Sonic Lost World plays great emphasis on a storyline which is unlike the recent games within the past few years. As always, the voice acting and script can be a little cheesy at times – especially with Zomom but I’ll leave that for you to discover on your own. But hey, that’s what makes Sonic storylines Sonic storylines…..right?
The style of gameplay is most definitely one of the more drastic changes seen in Sonic Lost World in comparison to the more recent Sonic games of today. When I first booted the game up and was totally unfamiliar with the controls, Sonic ran absolutely slowly which is a massive shock for any Sonic fan or returning player. However, this is intentional and one other dimension Sonic Lost World looks at is the control of Sonic’s speed which does add to the challenge of completing the game and/or the level in the quickest time possible, but also ensuring the level is completed as accurately as possible with little if not any deaths. There are also a few new moves added into the mix too, especially with the introduction of the Parkour system ; a gameplay mechanic which sees sonic being able to run along walls, upside down to name but a few. This can be incredibly frustrating in the early stages of the game however mainly due to it being a new gameplay mechanic and not something I was used to. Being unfamiliar with it resulted in a lot of expletives being used and MANY deaths of Sonic…. ouch!
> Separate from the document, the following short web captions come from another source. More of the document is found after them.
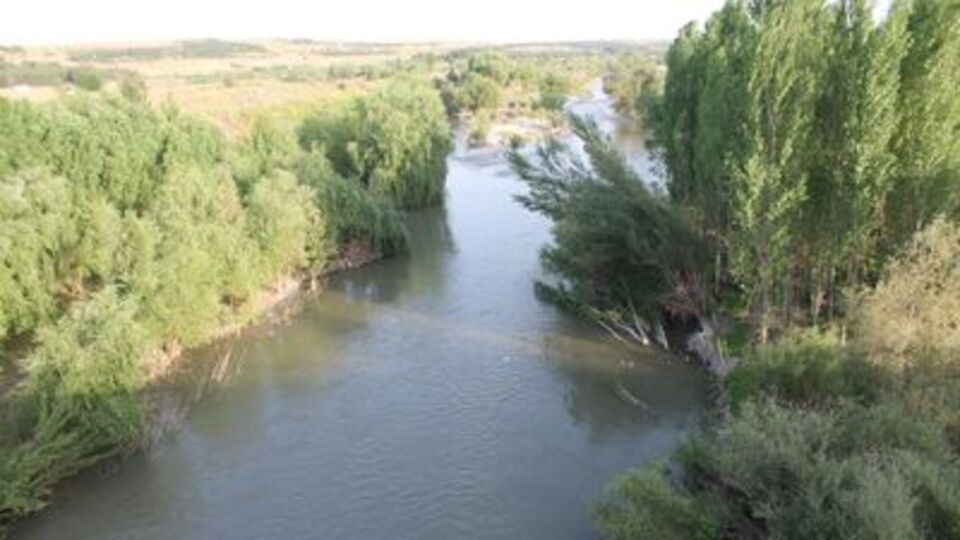 Dicle Nehri nerede?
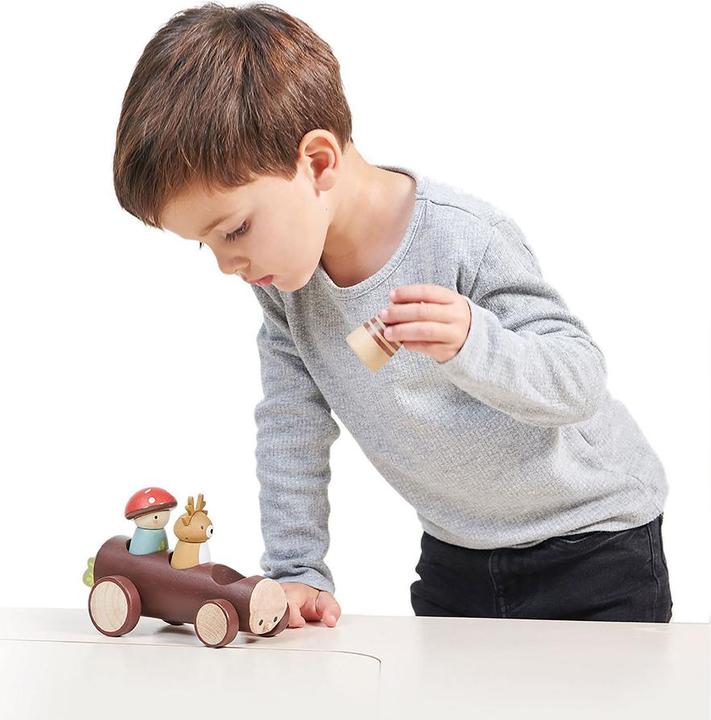 Produktbild Tender Leaf Toys Baumstammtaxi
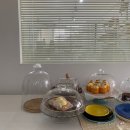 차홍농장 | 강릉 감성 카페 모어댄마벨 보이는 것보다 사진이 더 예뻐-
The Wisp’s ; made famous in the 2010 instalment Sonic Colours see a welcome return to Sonic Lost World. What is interesting with the application to the Wisps in this game is that it makes use of the 3DS Touch screen – the touch screen must be used to activate them, and the accelerometer is also made use of. Both are applied and executed really well here and most definitely add to the gameplay in a positive way. The variety of Wisps present are also varied and the introduction of a few new ones – Asteriod in particular – one which sees Sonic destroy anything in his path – are a welcome addition.
The 3DS version also includes exclusive Special Stages which again make use of the Accelerometer and I’ve found myself walking around my house spinning around trying to collect the Blue Spheres…. what people who see me without knowing the full context of my situation must think!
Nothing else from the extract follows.